Когда он добрался до последней ступеньки лестницы, Лиз уже след простыл, и он пошел вдоль боковой стены дома, который был гораздо больше, чем он предполагал, и выглядел удивительно современным. Он услышал, что где-то Элис успокаивает рассерженную Ли-Ли, и направился на ее голос.
– Иоганн, отнесите этот ящик в кухню! – приказала Лиз. – Справитесь?
– Разумеется.
Схватив охапку свертков, Лиз пробежала мимо по дорожке и скрылась в темноте. Он пошел за ней и неожиданно очутился в ярко освещенной кухне, какую можно увидеть только на рекламных картинках.

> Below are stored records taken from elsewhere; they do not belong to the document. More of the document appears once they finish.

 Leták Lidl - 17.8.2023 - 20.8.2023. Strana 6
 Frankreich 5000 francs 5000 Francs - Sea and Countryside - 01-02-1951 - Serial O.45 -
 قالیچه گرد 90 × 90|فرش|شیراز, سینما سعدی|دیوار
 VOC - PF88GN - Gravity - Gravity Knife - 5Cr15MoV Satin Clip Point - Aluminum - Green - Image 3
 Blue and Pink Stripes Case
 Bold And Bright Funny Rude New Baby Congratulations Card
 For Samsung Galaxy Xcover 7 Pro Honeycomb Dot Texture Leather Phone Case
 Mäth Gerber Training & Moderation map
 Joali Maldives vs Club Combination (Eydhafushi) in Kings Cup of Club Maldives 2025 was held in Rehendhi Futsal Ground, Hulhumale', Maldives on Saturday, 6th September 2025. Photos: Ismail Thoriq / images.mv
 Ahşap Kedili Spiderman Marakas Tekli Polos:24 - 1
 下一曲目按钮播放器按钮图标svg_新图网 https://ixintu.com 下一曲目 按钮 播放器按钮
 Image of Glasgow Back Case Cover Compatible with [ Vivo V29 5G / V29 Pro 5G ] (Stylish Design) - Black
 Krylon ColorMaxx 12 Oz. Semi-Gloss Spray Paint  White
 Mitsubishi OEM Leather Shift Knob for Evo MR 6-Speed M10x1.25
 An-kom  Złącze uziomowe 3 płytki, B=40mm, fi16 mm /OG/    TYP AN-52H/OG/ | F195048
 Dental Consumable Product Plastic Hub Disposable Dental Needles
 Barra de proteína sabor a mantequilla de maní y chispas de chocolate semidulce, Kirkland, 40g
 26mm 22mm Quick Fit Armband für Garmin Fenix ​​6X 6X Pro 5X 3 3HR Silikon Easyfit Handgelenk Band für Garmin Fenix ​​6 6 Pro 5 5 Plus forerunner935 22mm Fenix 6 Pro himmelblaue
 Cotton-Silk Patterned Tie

Посреди кухни, прижав руки к груди, стояла Элис, глаза ее сияли от восхищения.
– Посмотри, Мартин! – воскликнула она, едва фон Рендт и Мартин вошли в кухню. – Брэнк к нашему приезду покрасил кухню! Ах, совсем забыла, ты же с ним еще на знаком!
И она окликнула мужчину, который шел по саду с последними пакетами.
– Вот ваш новый хозяин, Брэнк, – весело проговорила она. – Мартин, это Брэнк.
– Значит, вы – Брэнк? – Мартин критически оглядел его. – Вижу, вы тут неплохо поработали.
– Рад, что вам нравится, – ответил Брэнк, слегка поклонившись.
– А это моя племянница и двое наших друзей, – оживленно продолжала Элис. – Они недавно прибыли из той же части света, что и вы: мистер фон Рендт и мистер Фишер.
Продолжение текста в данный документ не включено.